FAB4-138:MAGICAL MYSTERY TOUR

マジカル・ミステリー・ツアー Water Me マジカル・ミステリー・ツアー [Blu-ray]


 w & m:LENNON / McCARTNEY

 P:ジョージ・マーティン
 E:ジェフ・エマリック(4/25〜27、5/4、11/6、7)、マルコム・アデイ(5/3)
 2E:リチャード・ラッシュ(4/25〜5/4)、ケン・スコット(11/6)、グレアム・カークビー(11/7)
 録音:1967年4月25日(バスの音のテープ・ループ、take 1-3、take 3 を編集し take 4-8)、
    4月26日(take 8 に SI 「ベース、パーカッション、コーラス」後、編集し take 9)、
    4月27日(take 9 に SI 「歌、コーラス」)、
    5月3日(take 9 に SI 「ブラス」)、
    11月7日(STEREO MIX 4 及び MONO MIX 7 に SI 「歌、効果音」)
 MONO MIX:1967年4月27日(take 9 より 1-4)、5月4日(take 9 より 1-7)、
       11月7日(SI した 7 より 8-10)
 STEREO MIX:1967年11月6日(take 9 より 1-4)、11月7日(SI した 4 より 5-6)

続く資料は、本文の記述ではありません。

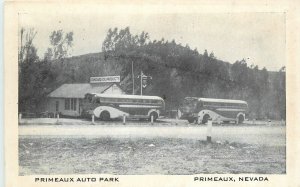 Postcard Nevada Primeaux 1930s Gas Station bus Stop auto Park buses NV24-2437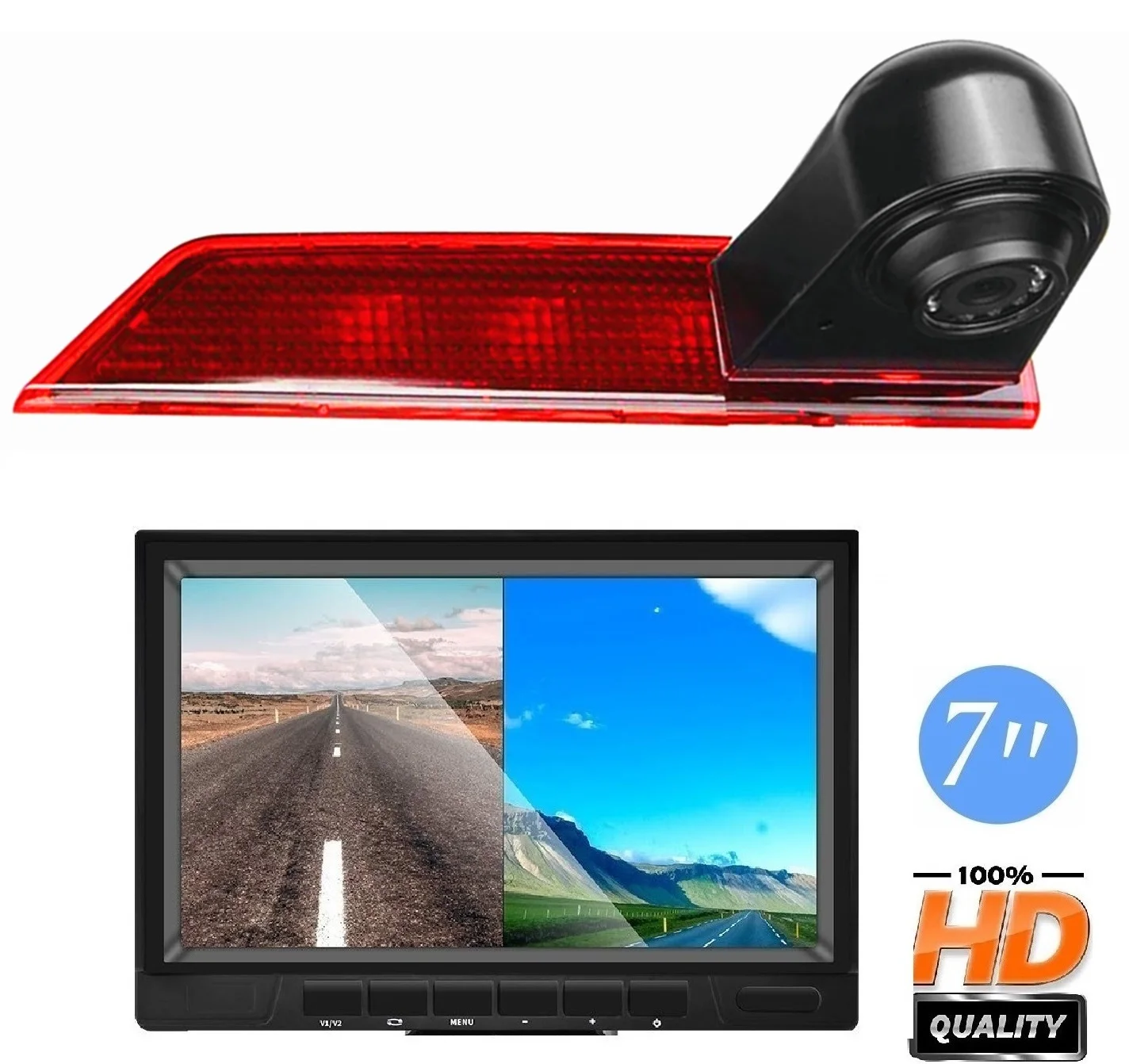 E9 HD 720P 3rd Brake Light Rear Camera+7.0''monitor for FORD Transit Custom V362 2012-2019,Replace Stop lights Waterproof Camera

 初出:1967年11月27日発売 (「MAGICAL MYSTERY TOUR」 A-1)
 キャピトル MAL 2835(モノ)、SMAL 2835(ステレオ)

 1967年12月8日 英国EP発売 (「MAGICAL MYSTERY TOUR」 A-1)
 パーロフォン MMT-1(モノ)、SMMT-1(ステレオ)


ポール・マッカートニーの作品で、1967年12月26日にBBCで放送されたTV映画「MAGICAL MYSTERY TOUR」のテーマ曲です。アルバム「SGT. PEPPER'S LONELY HEART'S CLUB BAND」の録音を4月1日に終えたポールは、4月3日から11日までアメリカへ行って、ジェーン・アッシャーといちゃついたり、ブライアン・ウイルソンにプレッシャーをかけたりしたのですが、帰りの飛行機でまたしてもうっかり天然バカボン丸出しの「MAGICAL MYSTERY TOUR」の構想を思い付いてしまいます。其れはビートルズが参加するバス・ツアーを描くものですが、キチンとした脚本はなく、行き当たりバッタリで作ってしまおうと云う「トンデモ作品」でした。天下無敵のザ・ビートルズでしたが、発表当時には音楽は評価されたものの映画はボロクソに貶されます。然し「MTV」を先取りした様な映像の評価も、後にはスティーブン・スピルバーグが影響を受けたと語ったりして絶賛される事となりました。個人的にも好きなTV映画ではありますが、内容は出鱈目で何の意味もありません。そんな事を云い出せばアルバム「SGT. PEPPER'S LONELY HEART'S CLUB BAND」にも意味などないのですけど、映画にしちゃうと叩きやすかったのでしょう。

発案者のポールはサラリと此のテーマ曲を書いてしまい、4月25日から録音が開始されます。5月4日にはモノ・ミックスも完成しているのですが、11月7日(片瀬那奈ちゃんと内山理名ちゃんのお誕生日!)に新たな録音とリミックスが行われました。ちなみに、5月3日のセッションだけジェフ・エマリックが不在なのは、彼が其の日にサマーセットでワーゼルズの録音に立ち会っていたからです。ところが、いきなりだナァと録音を決めたビートルズは「ビートルズを差し置いてサマーセットくんだりまでワーゼルズ如きのレコーディングに行くのかよ!」と「俺様節全開」でエマリックを責めたそうです。エマリックは「とっくに予約が入っていた仕事なんだから、仕方ないだろ!」とキレてしまったらしいのですが、そりゃそーだ。もう此の時期になると、誰もビートルズの我侭に逆らえずに振り回されていたのでしょう。

1967年8月27日に、ビートルズを管理していたマネジャーのブライアン・エプスタインが亡くなります。1966年8月にライヴ活動を休止してからは飼い殺し状態とも思えたエプスタインでしたが、彼の死後に初めて発表されたプロジェクトとなったTV映画「MAGICAL MYSTERY TOUR」の惨状を見ると、やはりエプスタインの手腕は凄かったのだと思わされます。英国では6曲入り二枚組のEPで発売されますが、「そんなもんは売れん!」とばかりに米国キャピトルはA面に其の6曲を入れB面に当時シングル盤のみで発表されていた5曲を加えた11曲入りのアルバムにして、英国でのEP発売よりも前に発売してしまいました。英国でも輸入盤が売れたので、1976年にはパーロフォン盤も発売しました。現在CDで聴けるのも、其の米国編集盤の曲順を元にしたアルバムです。米国盤と英国盤のステレオではB面後半の3曲が擬似ステレオでしたが、1971年に発売された西ドイツ盤ではステレオになっています。ゆえに、全編で様々なミックス違いが公式盤で発表されました。

「MAGICAL MYSTERY TOUR」と云う楽曲は、ポールらしいお気楽なポップ・ソングです。ジョンとジョージによるコーラスも楽しく、特にジョンはノリノリです。ジョンはポールが書くポップ路線を「くだらん!」と云いつつ、何故かいつもノリノリでサポートしているのでした。映画で使われたヴァージョンは、効果音やナレーションなどが大きく異なります。ビートルズでのライヴは行われていませんが、作者のポールがソロ・ツアーで何度も演奏しています。ポールが近年でもライヴで弾くサイケデリックな模様のピアノは、此の曲や同名映画をイメージしたものでしょう。